Wednesday, June 18, 2014

The Wayuu Way of Peacemaking

A portrait of a Wayuu putchipu'u and goats, a common desert livestock.
The Wayuu people, popularly known as the Guajiras, are native to the desert Guajira peninsula which protrudes into the Caribbean Sea between Colombia and Venezuela, which divide the region.

Wayuu in traditional dress.
The region has a history of contraband and lawlessness, and the Wayuu themselves share that reputation. Historically, pirates, explorers, slave traders, guerrillas and paramilitaries, smugglers of drugs, weapons and gasoline have all criss-crossed the region. And the Wayuu themselves divide themselves into clans, each with its own symbology, which sometimes fight each other.

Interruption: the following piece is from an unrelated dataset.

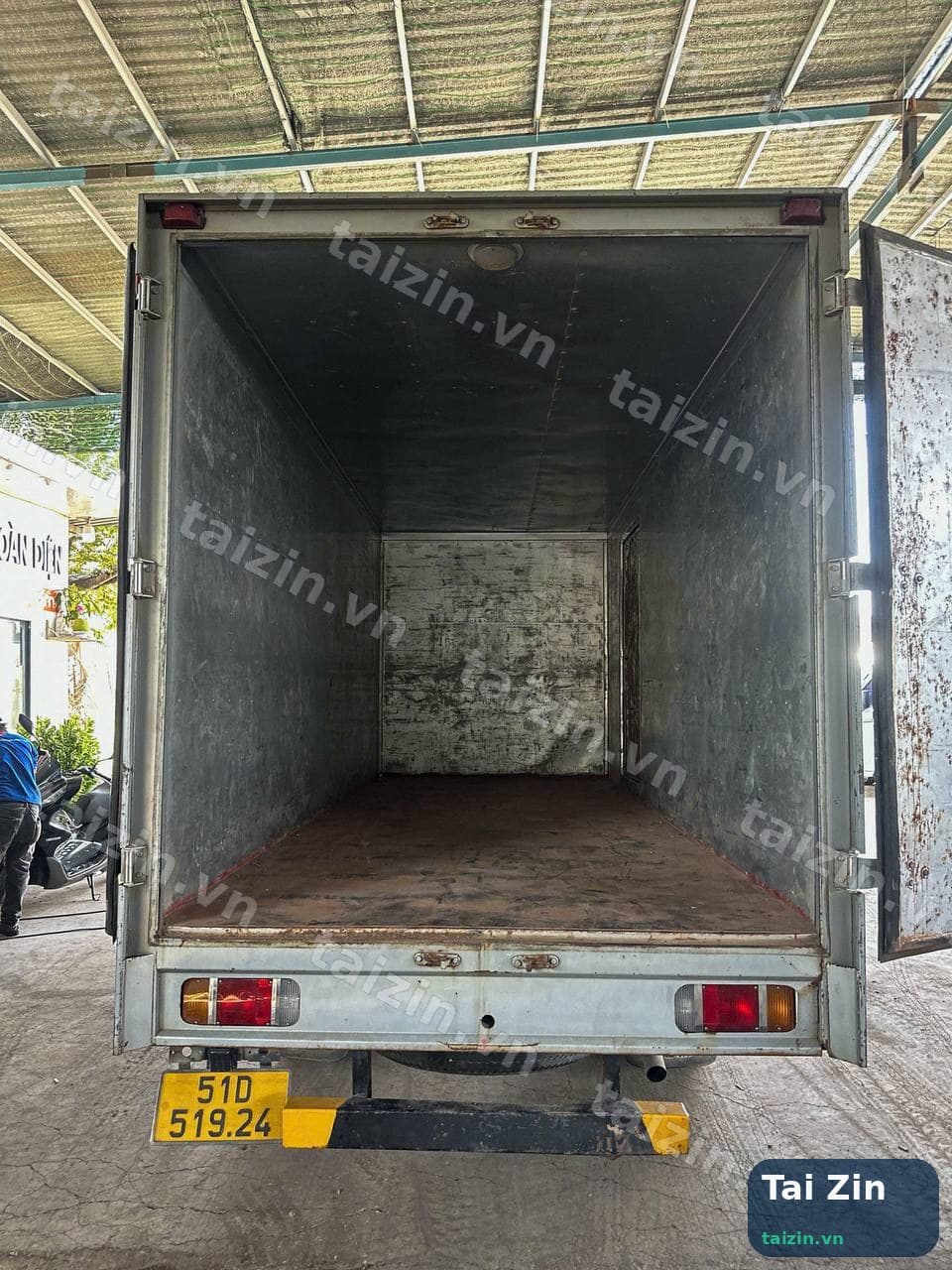 Isuzu Qkr 270 - 2019 - Thùng kín Thumbnail 10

Symbolic gifts of bead collars are often used to make peace.
It's fortunate, then, that the Wayuu also have traditional peacemakers, called putchipu'u, who work as intermediaries to make peace agreements, often thru the use of symbolic gifts such as bead collars. An exhibition now on in the basement gallery of the Museo de Oro in La Candelaria describes the practice (with English-language texts) as well as Wayuu culture in general. Peacemaking amongst the Wayuu can be particularly challenging, because by tradition they demand payment, usually in livestock, for any blood let - even when the cause was accidental.

The exhibition also touches on other, sometimes contradictory aspects of Wayuu culture. For example, theirs is a matrilineal society, in which relations are traced thru the uterus (that's the real terminology). However, in Wayuu tradition young men are also expected to pay a bride price, usually in livestock, to the woman's family before marriage. Many women interpret this as being purchased.

Yet, from what I've seen of Wayuu culture it is the women who seem to dominate.

The Wayuu are one of the indigenous peoples who have prospered most in western society, sometimes becoming wealthy traders (and smugglers), but have also preserved many of their traditions.

If the ongoing peace negotiations between the Colombian government and leftist guerrilla groups derail, they could do worse than call in a putchipu'u to put things back on track.

Wayuu elders.

Traditional Wayuu bags, and a desert scene.
An intricately carved bird on a walking stick representing authority.